Give again, exactly as written, each line of the material below starting at the line that contains "Stripe Knit Cardigan／60251209066" and ending at the line that contains "Korg - PA700 2". Both ends count, and no other line does.

Input records:
────

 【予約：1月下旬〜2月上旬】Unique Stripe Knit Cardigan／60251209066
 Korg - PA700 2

────

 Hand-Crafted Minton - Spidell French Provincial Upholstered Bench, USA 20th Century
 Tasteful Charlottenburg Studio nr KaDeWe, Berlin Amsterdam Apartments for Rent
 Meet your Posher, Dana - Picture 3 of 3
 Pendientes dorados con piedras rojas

────

Solution to this problem:
 【予約：1月下旬〜2月上旬】Unique Stripe Knit Cardigan／60251209066
 Korg - PA700 2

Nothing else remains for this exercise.